18. No processo abreviado n.º…, do 2.º Juízo, do Tribunal Judicial de Mirandela, por sentença de 21/09/2011, transitada em julgado em 03/11/2011, foi o arguido condenado pela prática, em 25/12/2010, de um crime de condução sem habilitação legal do artigo 3º, do Decreto-lei n.º2/98, de 03/01, na pena de quatro meses de prisão, a cumprir por dias livres, em 24 períodos de prisão, correspondentes a fins de semana e feriados que antecederem ou sucederem imediatamente ao fim de semana.
19. No processo comum n.º…, do Tribunal Judicial de Valpaços, por sentença de 17/07/2012, transitada em julgado em 01/10/2012, foi o arguido condenado pela prática, em 04/02/2011, de um crime de condução perigosa de veículo rodoviário, p. e p. pelo artigo 291º, n.º1, alínea b), do Código penal, e de um crime de condução sem habilitação legal do artigo 3º, n.ºs 1 e 2, do Decreto-lei n.º2/98, de 03/01, na pena única de um ano e dois meses de prisão, em regime de permanência na habitação com vigilância eletrónica.
20. No processo comum n.º… do Tribunal judicial de Valpaços, por sentença de 24/01/2013, transitada em julgado em 25/02/2013, foi realizado o cúmulo jurídico das penas aplicadas ao arguido nos processos identificado em 16-19, e o arguido foi condenado na pena única de um ano e nove meses de prisão, em regime de permanência na habitação, com vigilância eletrónica.

III – QUESTÕES A DECIDIR

Perante as conclusões do Recorrente, são 3 as questões a decidir, consistem em saber:

- se o arguido cometeu o ilícito previsto e punido no artigo 3º, nº 2, do Decreto-Lei 2/98 de 3 de Janeiro;

- se a pena concretamente aplicada se mostra exagerada;

- se é de substituir a pena de prisão por outra pena não detentiva

IV – APRECIAÇÃO DO RECURSO

1. Qualificação jurídico-penal da conduta do recorrente

A questão essencial que importa decidir traduz-se em saber se o recorrente cometeu o crime previsto e punido pelo artigo 3º, nº 2, do Decreto-Lei nº 2/98, de 3 de Janeiro, atendendo a que vinha ao volante de um veículo, com o motor desligado, sendo rebocado por um outro.

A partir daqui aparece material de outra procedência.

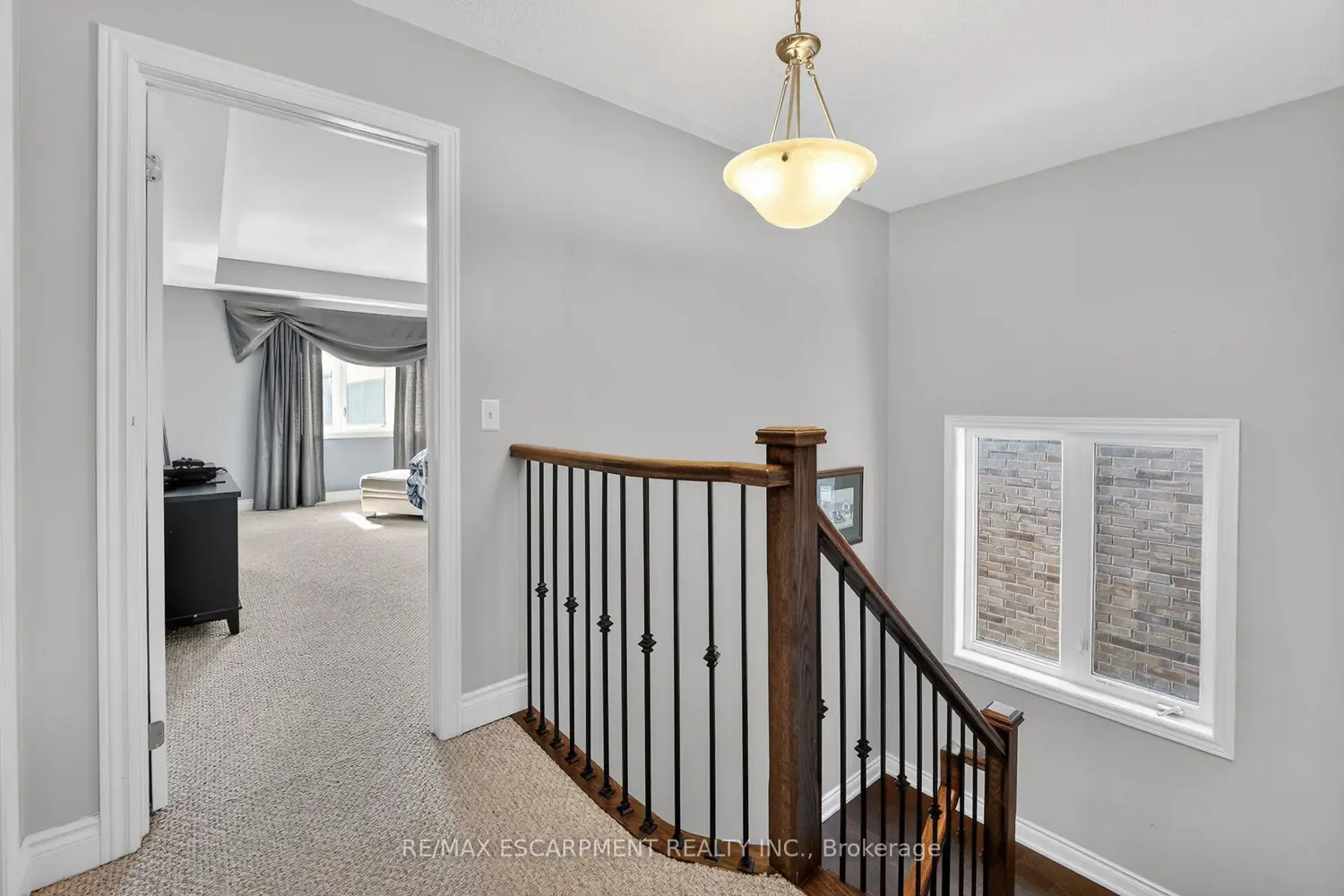 Additional image 10 of 82 Chaumont Drive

Antes de mais, importa salientar, que a decisão sobre a matéria de facto proferida pelo Tribunal de Mirandela se encontra definitivamente fixada: O recorrente não a impugnou, nos termos e para efeitos do disposto no artigo 412º, nº 3, do Código de Processo Penal Diploma a que, de ora em diante nos referiremos, sem menção do contrário., o texto da decisão sindicada não evidencia nenhum dos vícios a que alude o artigo 410º, nº 2, de conhecimento oficioso, e inexiste renovação da prova.

Está, pois, esta instância impedida de modificar a decisão que fixou a factualidade provada (c.f. o artigo 431º).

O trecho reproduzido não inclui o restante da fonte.